Population (2026-01-01)
- • Total: 265
- • Density: 51.7/km^{2} (134/sq mi)
- Time zone: UTC+1 (CET)
- • Summer (DST): UTC+2 (CEST)
- Postal code: 286 01
- Website: www.vinare.cz

= Vinaře =

Vinaře is a municipality and village in Kutná Hora District in the Central Bohemian Region of the Czech Republic. It has about 300 inhabitants.

==Administrative division==
Vinaře consists of two municipal parts (in brackets population according to the 2021 census):
- Vinaře (165)
- Vinice (94)

==Etymology==
The name is derived from the Czech word vinař (i.e. 'winemaker', 'wine grower'), meaning "the village of winemakers". The name Vinice means 'vineyard'.

==Geography==
Vinaře is located about 17 km east of Kutná Hora and 23 km southwest of Pardubice.

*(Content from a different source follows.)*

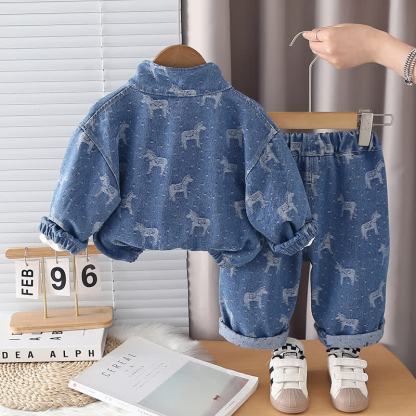 Toddler Baby Horse Denim Jacket and Pants 3-piece Set - image 4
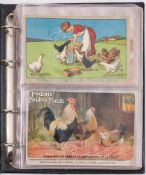 A collection of various postcards relating to chickens: GB and foreign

It lies in an agricultural landscape of the Central Elbe Table. The highest point is at 296 m above sea level. The Doubrava River briefly crosses the municipal territory in the west.

==History==
The first written mention of Vinaře is from 1192, when half of the village was donated to the Teutonic Order. In 1242, the order acquired the second half of the village. In 1420, Vinaře was annexed to the Lichnice estate and acquired by the Trčka of Lípa family. From the end of the 16th century until the establishment of an independent municipality in 1850, Vinaře belonged to the Žleby estate.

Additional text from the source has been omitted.